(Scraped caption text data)
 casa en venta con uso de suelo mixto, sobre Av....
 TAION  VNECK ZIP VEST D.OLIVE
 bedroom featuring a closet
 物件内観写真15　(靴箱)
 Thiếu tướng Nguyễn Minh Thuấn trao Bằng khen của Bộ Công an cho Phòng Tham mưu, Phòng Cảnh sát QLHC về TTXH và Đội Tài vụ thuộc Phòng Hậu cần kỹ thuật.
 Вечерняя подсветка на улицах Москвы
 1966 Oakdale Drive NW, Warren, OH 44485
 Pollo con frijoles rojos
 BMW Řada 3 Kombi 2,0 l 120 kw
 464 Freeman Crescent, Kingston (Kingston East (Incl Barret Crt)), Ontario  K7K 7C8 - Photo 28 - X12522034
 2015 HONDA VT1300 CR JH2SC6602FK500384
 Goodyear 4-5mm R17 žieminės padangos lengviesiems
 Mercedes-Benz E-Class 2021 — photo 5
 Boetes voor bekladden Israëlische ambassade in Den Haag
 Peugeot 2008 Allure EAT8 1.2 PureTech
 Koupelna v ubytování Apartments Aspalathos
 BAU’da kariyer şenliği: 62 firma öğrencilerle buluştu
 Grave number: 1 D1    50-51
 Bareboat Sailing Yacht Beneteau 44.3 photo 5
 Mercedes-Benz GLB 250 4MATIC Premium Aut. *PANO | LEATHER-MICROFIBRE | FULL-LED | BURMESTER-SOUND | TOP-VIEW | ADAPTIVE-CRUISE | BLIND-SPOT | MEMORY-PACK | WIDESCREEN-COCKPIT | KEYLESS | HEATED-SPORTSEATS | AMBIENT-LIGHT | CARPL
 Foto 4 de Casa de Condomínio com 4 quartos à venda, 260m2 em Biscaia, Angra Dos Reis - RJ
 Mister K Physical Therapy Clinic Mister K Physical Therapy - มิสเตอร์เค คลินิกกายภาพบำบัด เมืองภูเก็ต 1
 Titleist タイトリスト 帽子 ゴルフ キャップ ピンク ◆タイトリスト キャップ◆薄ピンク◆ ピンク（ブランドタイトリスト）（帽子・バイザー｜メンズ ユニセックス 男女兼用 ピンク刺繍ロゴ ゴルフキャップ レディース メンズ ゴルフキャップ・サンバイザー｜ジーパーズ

WORK REQUIRED
Exactly the lines from the one containing "Mercedes-Benz GLB 250" to the final line of the data, both included, should be printed, and nothing more.

SOLUTION FOR THIS TASK
 Mercedes-Benz GLB 250 4MATIC Premium Aut. *PANO | LEATHER-MICROFIBRE | FULL-LED | BURMESTER-SOUND | TOP-VIEW | ADAPTIVE-CRUISE | BLIND-SPOT | MEMORY-PACK | WIDESCREEN-COCKPIT | KEYLESS | HEATED-SPORTSEATS | AMBIENT-LIGHT | CARPL
 Foto 4 de Casa de Condomínio com 4 quartos à venda, 260m2 em Biscaia, Angra Dos Reis - RJ
 Mister K Physical Therapy Clinic Mister K Physical Therapy - มิสเตอร์เค คลินิกกายภาพบำบัด เมืองภูเก็ต 1
 Titleist タイトリスト 帽子 ゴルフ キャップ ピンク ◆タイトリスト キャップ◆薄ピンク◆ ピンク（ブランドタイトリスト）（帽子・バイザー｜メンズ ユニセックス 男女兼用 ピンク刺繍ロゴ ゴルフキャップ レディース メンズ ゴルフキャップ・サンバイザー｜ジーパーズ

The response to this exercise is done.